Chapter 11 · 1 min
Digital Sovereignty
1 min read
The subject is everywhere in speeches, almost nowhere in decisions. The essay distinguishes three levels too often conflated. The hyperscaler cloud (AWS, Azure, GCP) plays out at continental scale, and plays out badly there: neither Gaia-X nor national players have produced a large-scale alternative. National public infrastructures and sovereign AI models are under active construction: the Swiss Government Cloud (a commitment credit of CHF 246.9 million, rollout 2025-2032, reserved for the public sector), Apertus, launched in September 2025 by EPFL/ETH/CSCS. Everyday use, finally, is where sovereignty is tested in material terms. The decisive distinction sets the strategy of substitution (doomed to fail against the hyperscalers) against the strategy of complement (which can succeed on ground the hyperscalers do not serve).
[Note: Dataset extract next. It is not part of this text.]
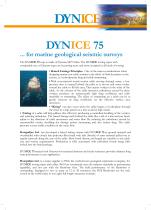 DYNICE 75... for marine geological seismic surveys - 1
For Valais, a large general-purpose cantonal data centre makes little sense; one or two targeted specialised nodes can: cantonal medical data, models trained on Walliserdeutsch and Franco-Provençal, archiving of intangible heritage listed by Unesco. The realistic wager combines migration to the SGC, partnerships with Swiss operators (Genedis, Infomaniak, Exoscale), and targeted projects justified by their specificity.
The French version is authoritative.